[Opening Dataset content section]

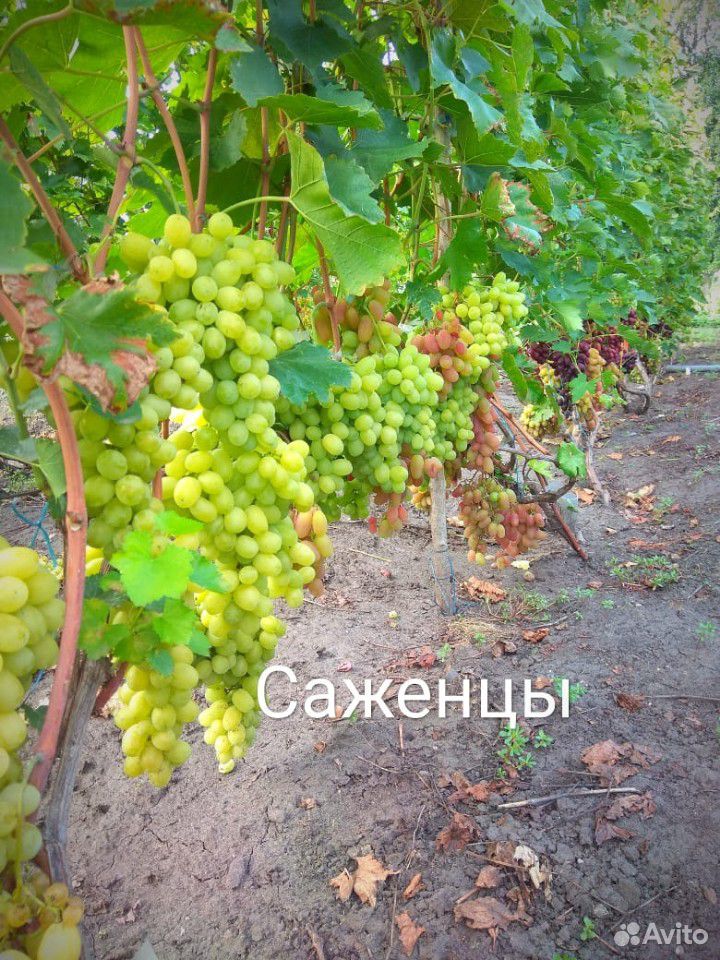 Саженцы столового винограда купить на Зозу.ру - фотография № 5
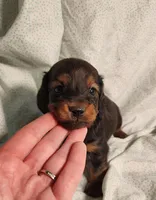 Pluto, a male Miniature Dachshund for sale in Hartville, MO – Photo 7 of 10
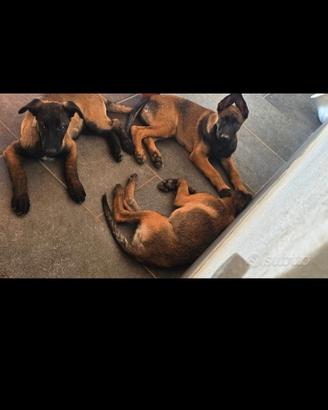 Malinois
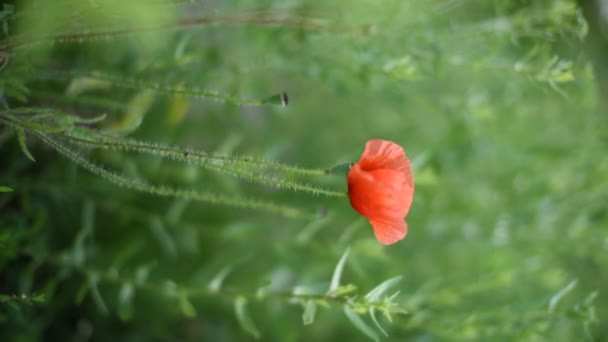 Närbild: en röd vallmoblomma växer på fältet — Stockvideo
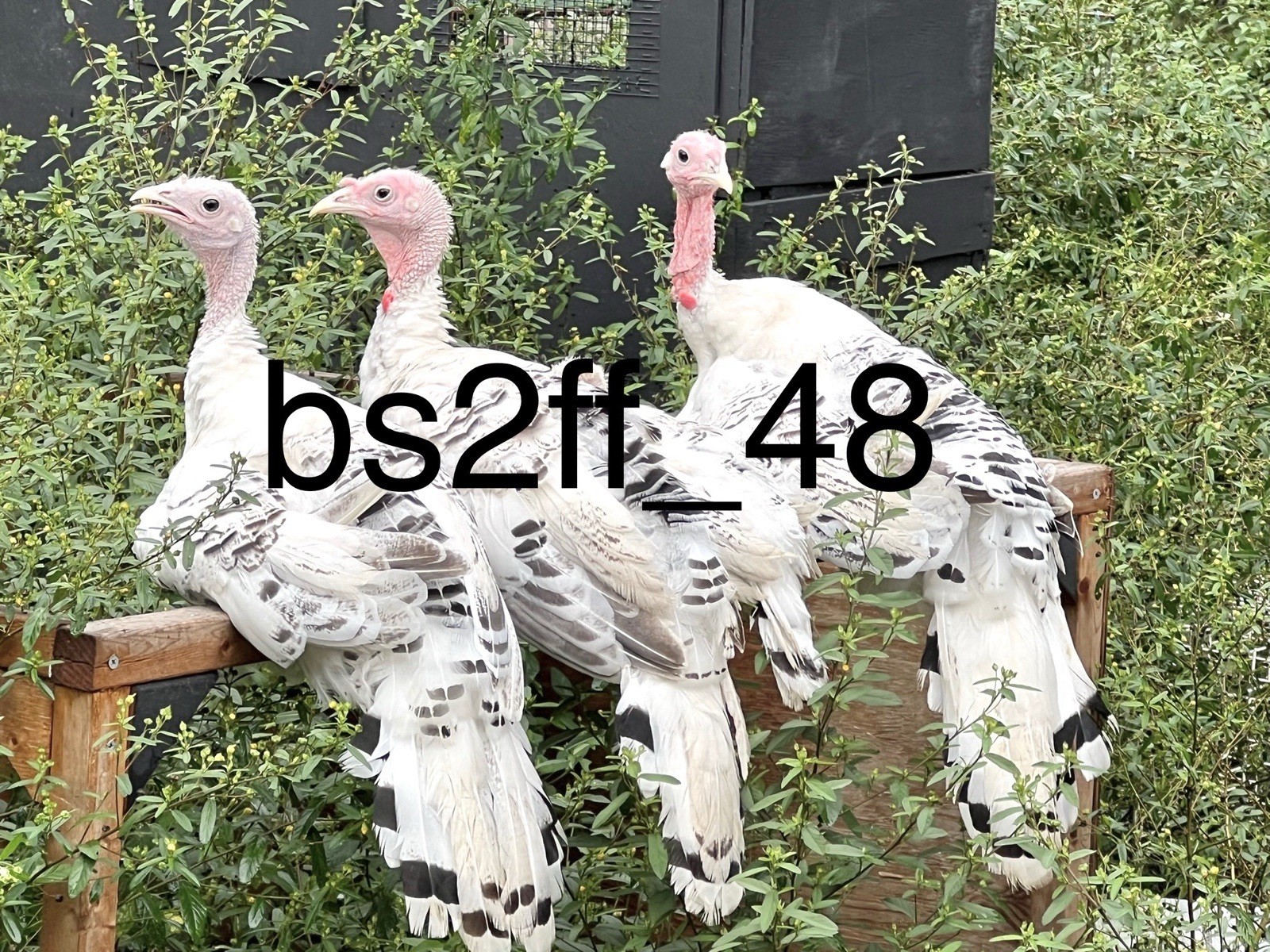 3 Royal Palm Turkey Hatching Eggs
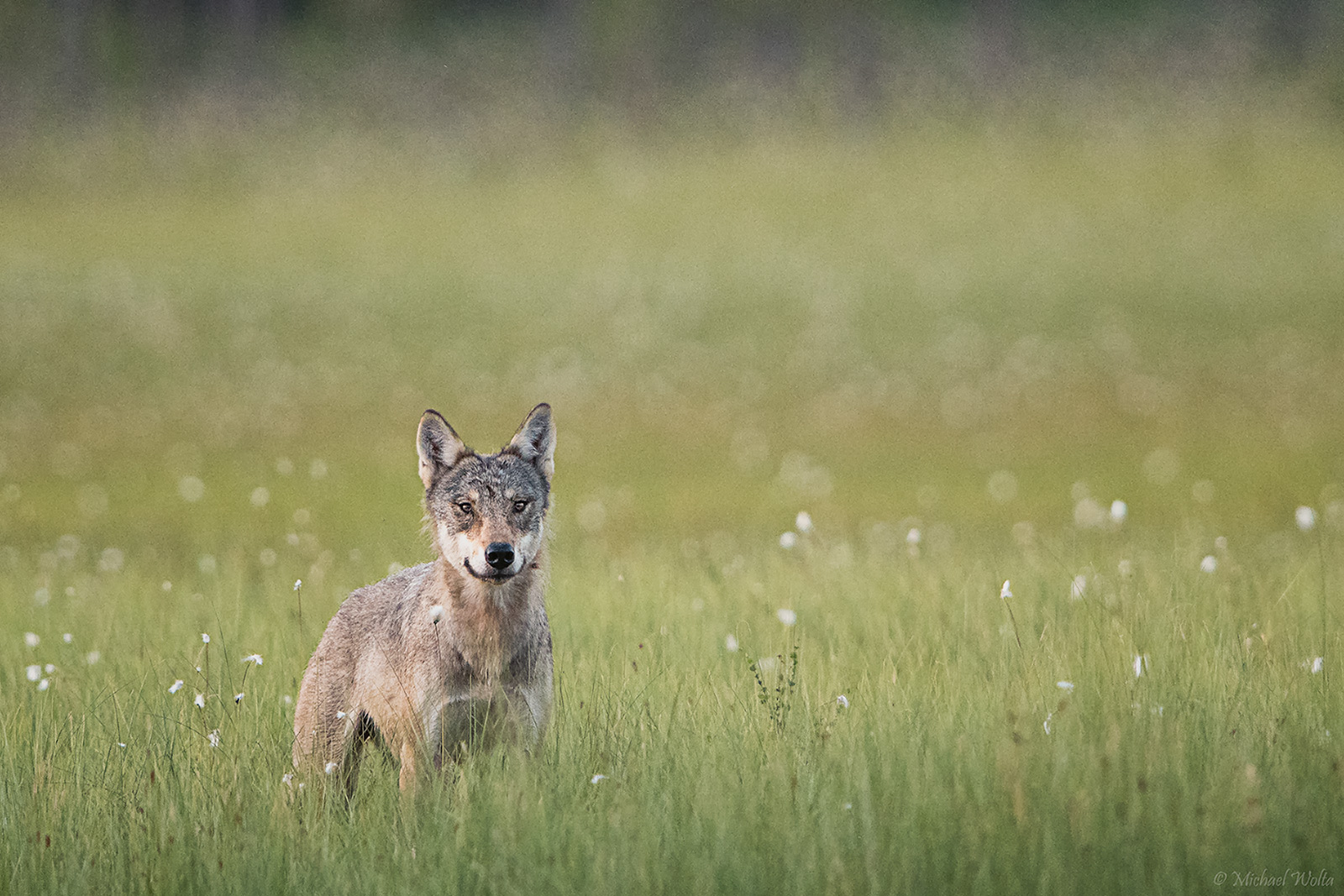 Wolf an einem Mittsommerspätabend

[Closing Dataset content section]

- _Action item_: Please keep the pictures out and reproduce the records above exactly.

- _Response below_:
 Саженцы столового винограда купить на Зозу.ру - фотография № 5
 Pluto, a male Miniature Dachshund for sale in Hartville, MO – Photo 7 of 10
 Malinois
 Närbild: en röd vallmoblomma växer på fältet — Stockvideo
 3 Royal Palm Turkey Hatching Eggs
 Wolf an einem Mittsommerspätabend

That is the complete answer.